Work task:
Of the entries below, return exactly those lines that fall between the one containing "Detailansicht der eleganten" and the one containing "توافق ۲ بازیکن با استقلال‌", the two end lines included.

Dataset records:
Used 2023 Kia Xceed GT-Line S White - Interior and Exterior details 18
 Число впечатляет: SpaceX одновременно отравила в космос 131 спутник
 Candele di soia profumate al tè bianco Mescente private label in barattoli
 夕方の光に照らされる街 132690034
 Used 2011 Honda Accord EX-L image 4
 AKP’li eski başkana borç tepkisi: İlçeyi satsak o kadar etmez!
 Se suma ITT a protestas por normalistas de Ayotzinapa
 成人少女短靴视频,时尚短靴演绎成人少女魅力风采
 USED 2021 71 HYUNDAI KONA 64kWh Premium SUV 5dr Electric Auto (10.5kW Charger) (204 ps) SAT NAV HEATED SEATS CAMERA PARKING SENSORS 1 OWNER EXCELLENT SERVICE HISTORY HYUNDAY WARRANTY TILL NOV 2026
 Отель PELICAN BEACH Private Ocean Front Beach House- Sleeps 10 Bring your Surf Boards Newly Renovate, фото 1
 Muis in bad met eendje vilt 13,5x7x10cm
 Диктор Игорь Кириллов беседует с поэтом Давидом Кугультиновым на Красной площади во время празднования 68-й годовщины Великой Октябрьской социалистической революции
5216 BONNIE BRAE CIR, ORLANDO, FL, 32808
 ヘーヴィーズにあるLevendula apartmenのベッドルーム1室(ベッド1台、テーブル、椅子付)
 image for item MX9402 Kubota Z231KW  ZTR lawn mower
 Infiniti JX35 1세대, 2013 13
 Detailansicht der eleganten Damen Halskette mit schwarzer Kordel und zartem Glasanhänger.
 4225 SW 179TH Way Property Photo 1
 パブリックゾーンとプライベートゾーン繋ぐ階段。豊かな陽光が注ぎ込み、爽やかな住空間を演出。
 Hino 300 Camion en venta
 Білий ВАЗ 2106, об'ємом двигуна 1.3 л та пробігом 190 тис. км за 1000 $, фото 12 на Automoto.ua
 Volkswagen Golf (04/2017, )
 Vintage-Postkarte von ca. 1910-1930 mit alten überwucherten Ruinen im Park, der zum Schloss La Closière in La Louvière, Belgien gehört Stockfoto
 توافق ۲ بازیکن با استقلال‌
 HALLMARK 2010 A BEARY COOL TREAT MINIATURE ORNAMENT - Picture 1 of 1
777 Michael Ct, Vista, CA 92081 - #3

Response below:
 Detailansicht der eleganten Damen Halskette mit schwarzer Kordel und zartem Glasanhänger.
 4225 SW 179TH Way Property Photo 1
 パブリックゾーンとプライベートゾーン繋ぐ階段。豊かな陽光が注ぎ込み、爽やかな住空間を演出。
 Hino 300 Camion en venta
 Білий ВАЗ 2106, об'ємом двигуна 1.3 л та пробігом 190 тис. км за 1000 $, фото 12 на Automoto.ua
 Volkswagen Golf (04/2017, )
 Vintage-Postkarte von ca. 1910-1930 mit alten überwucherten Ruinen im Park, der zum Schloss La Closière in La Louvière, Belgien gehört Stockfoto
 توافق ۲ بازیکن با استقلال‌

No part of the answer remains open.